*What is needed:*
Once you reach the line with "La Tarentelle menu", copy it and every line after it exactly, up to the end of the data. Omit the pictures.

*Records for the task:*
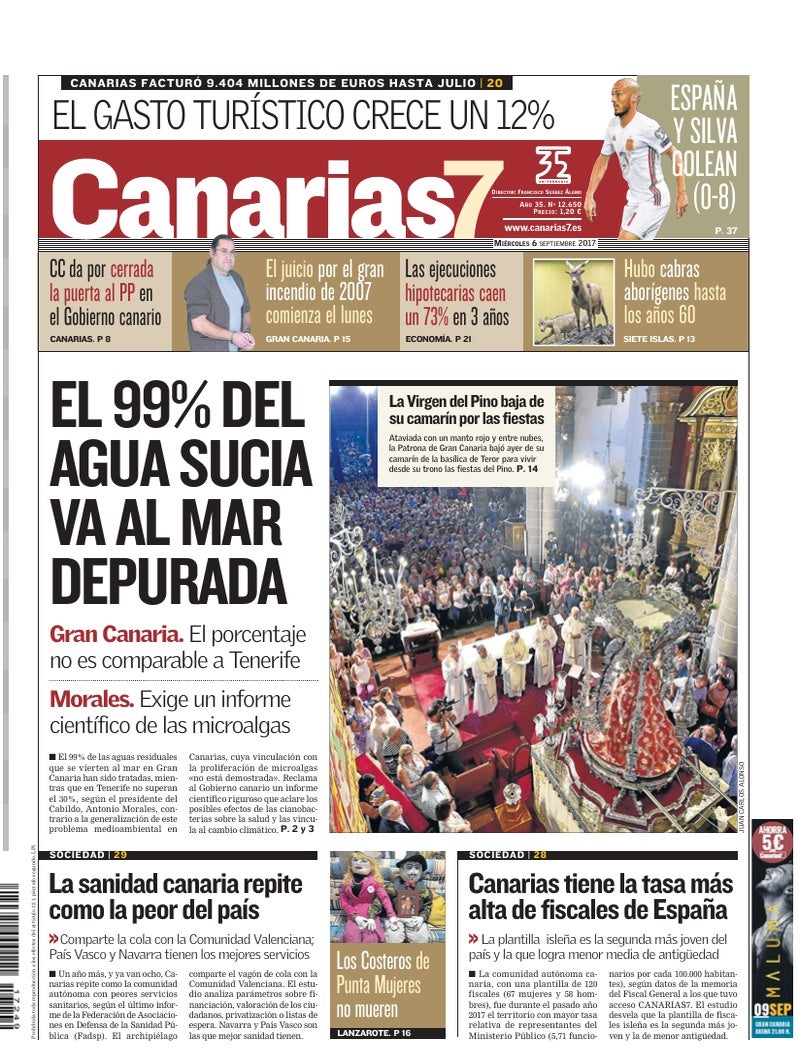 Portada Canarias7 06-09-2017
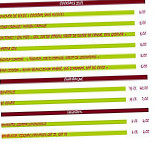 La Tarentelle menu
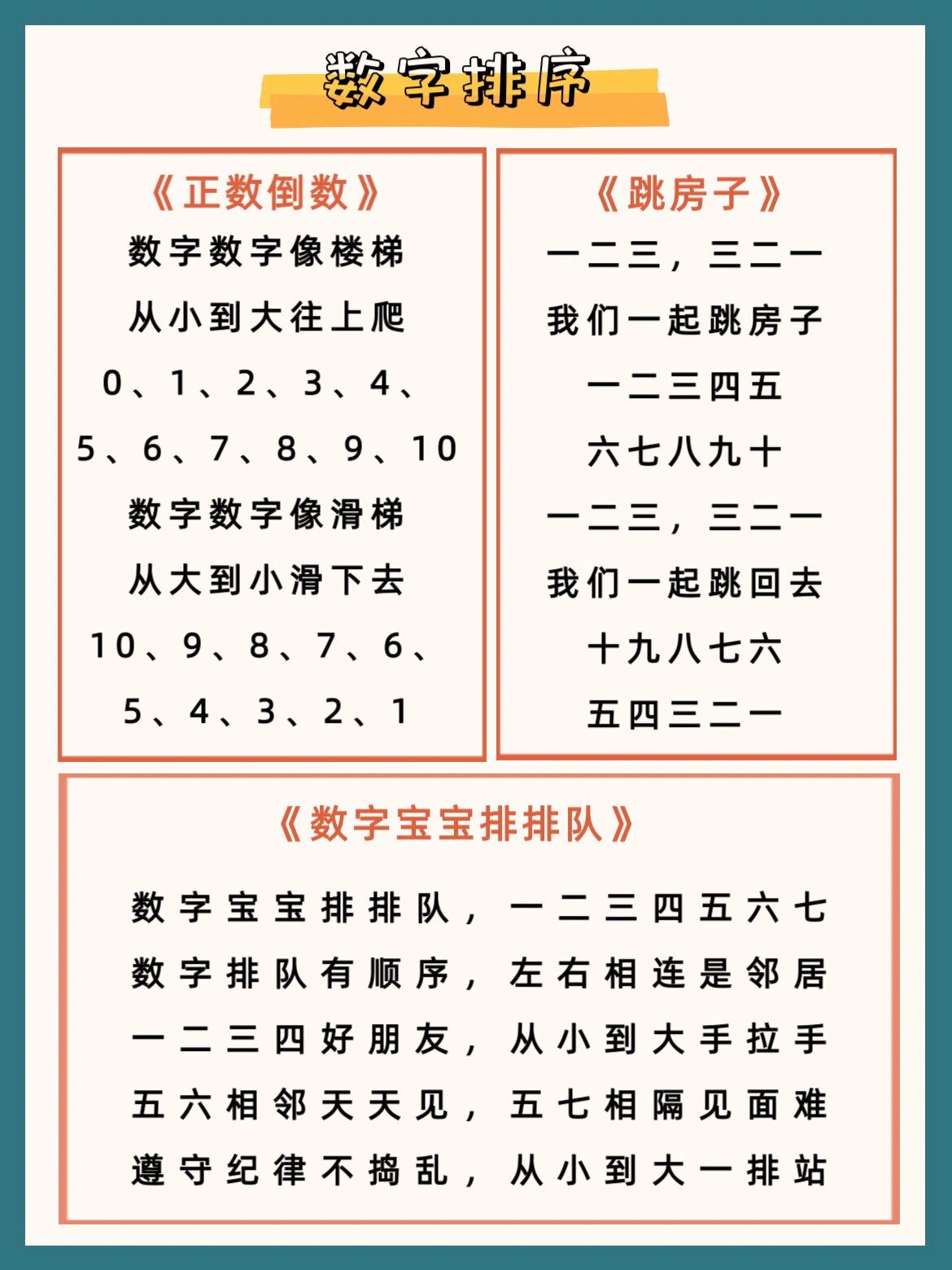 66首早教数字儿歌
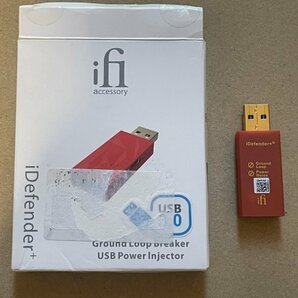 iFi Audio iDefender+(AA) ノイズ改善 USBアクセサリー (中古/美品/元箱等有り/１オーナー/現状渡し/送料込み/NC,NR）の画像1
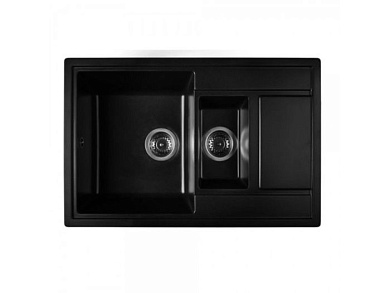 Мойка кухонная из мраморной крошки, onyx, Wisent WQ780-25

*Worked solution:*
 La Tarentelle menu
 66首早教数字儿歌
 iFi Audio iDefender+(AA) ノイズ改善 USBアクセサリー (中古/美品/元箱等有り/１オーナー/現状渡し/送料込み/NC,NR）の画像1
 Мойка кухонная из мраморной крошки, onyx, Wisent WQ780-25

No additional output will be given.